Yeah, I mean, I've never worked at a fang. Like, this is probably the last thing I'd be interested in talking about with people. But man, we get exposed to lots of this stuff, and I think what's interesting is that technical founders often misunderstand the value they can get out of fang and misunderstand is an understatement. They grossly misunderstand what value they can extract from a fang job and what value they can't extract. I think mostly because a lot of founders are mixed in with other people with different motivations. Right? Most people want to be managers or employees. I think a lot of founders have friends who want to be managers or employees, and they kind of, like, see those people attracted to fang and they assume all those things apply to them as well. Whereas, you know, as we both know, the founder path's quite different than the employee path.
Yeah, it's funny. I remember when I was an undergrad, a lot of the recruiters, the people that had the most recruiters and the best recruiters, tried to create cachet. I remember, you know, when I was in school, it was all around management consulting—was the high status cool job to get. And it was a certain kind of person that would, like, fall for that. That, like, working at McKinsey or Accenture or something was, like, the cool thing to do.
And what's funny is, at the time, Google was, like, an 80-person startup, and they were trying to recruit on campus, but it was, like, I would have cared. Do you want to be different? Like, it was exactly the opposite brand of what Google is now, because there was just kind of a grubby little startup. But the point is, it's easy to look at folks that employ the most recruiters and use that as your basis. Like, whoever has the best booth at the career fair, whoever gives out the coolest stuff, and make your selection that way. Right?
If that's the criteria you used to select what college to go to, which is, like, oh, whatever has the best rankings, you look at the best career rankings for where to work after college and that's going to drive you towards, you know, Google, Facebook, whatever. Right? It's not crazy. I get why this happens. And if you want to be an employee or a manager in a large tech company, that's great. Like, that's correct. In fact, I'd argue all those guides are written for you. And it makes sense to write guides for you, because you're the vast majority of people.
The problem is, what should the founders do? What should the potential founders do? What should the future? Yeah, people that are curious, founder-curious people, people that might want to maybe they're like, oh, start. I think that'd be cool. What's their move?
Exactly. So let's start with some of the assumptions that we hear from these potential future founders about why working at fang right out of college or soon thereafter makes sense. And it's never presented to us as, like, it's a pretty good opportunity. It's always presented to me, at least, as, like, oh, of course, it's essential. It's an essential part of the state of fact; they're stating facts. That's like we must work.

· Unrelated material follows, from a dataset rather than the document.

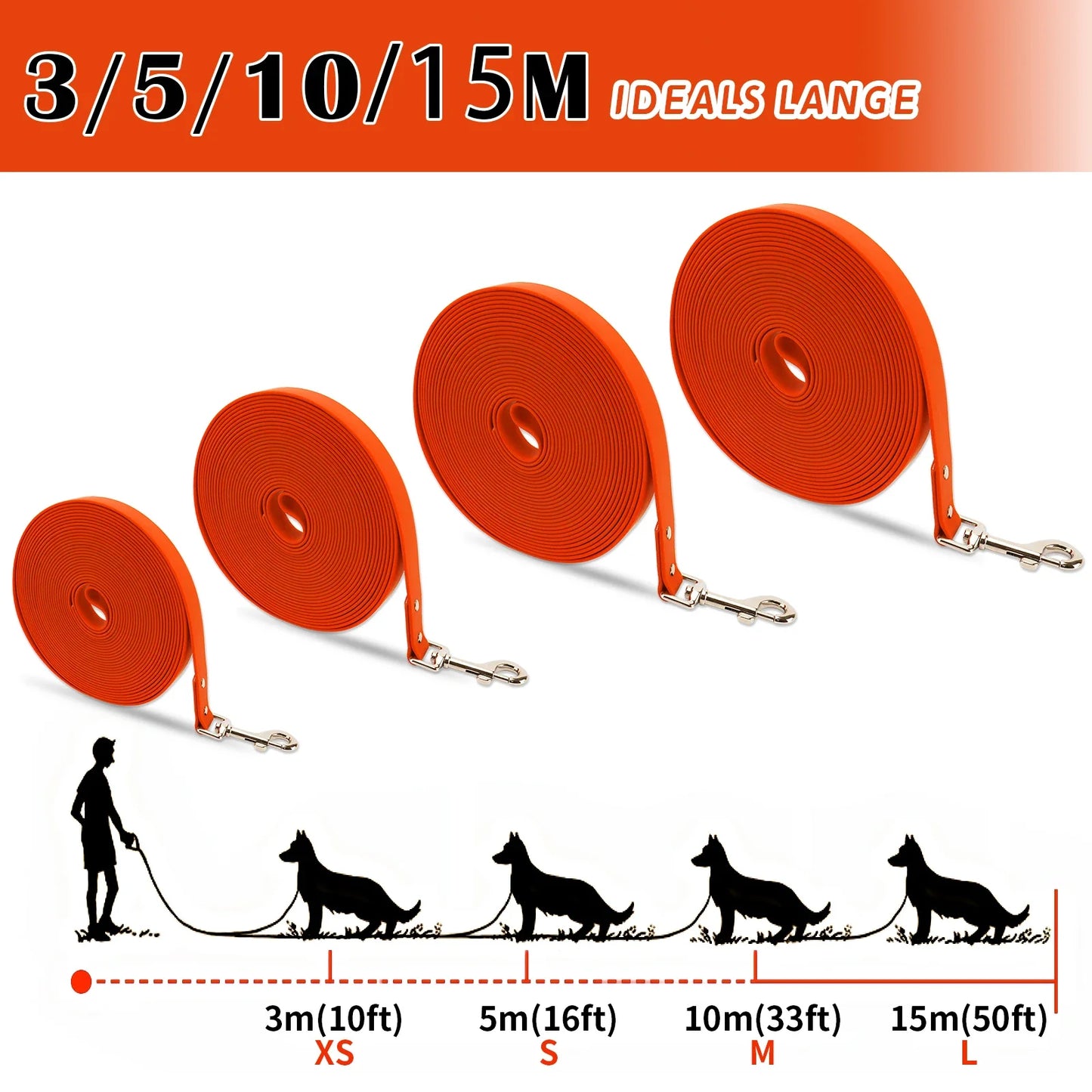 Livepetsme Waterproof Dog Leash PVC Rope For All Sizes Dogs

So here's the first one we hear a lot: "Before I start a company, I want to get experience working on the hardest technical problems at the largest scale, and fang is the only place in the world to do this." What do you think, Dalton?
That is—that's just quoting the recruiter. [Laughter] You're like reading the—you're reading what the recruiter's line is. I mean, look, most people that get most jobs at fangs, when you talk to them after the job, if they're, you know, get a couple of beers in them, they're working on some ad server. They're working on, like, one pixel on one corner of one thing. They're working on some project that's going to get killed. Like, again, if you're someone that's, like, a good enough programmer to get hired to work on some deep technical infrastructure at Google, then this line is true. But most folks that I talk to, at least, kind of have what is like a shitty job, but that's been presented in brand to them—branded to them is a very cool thing.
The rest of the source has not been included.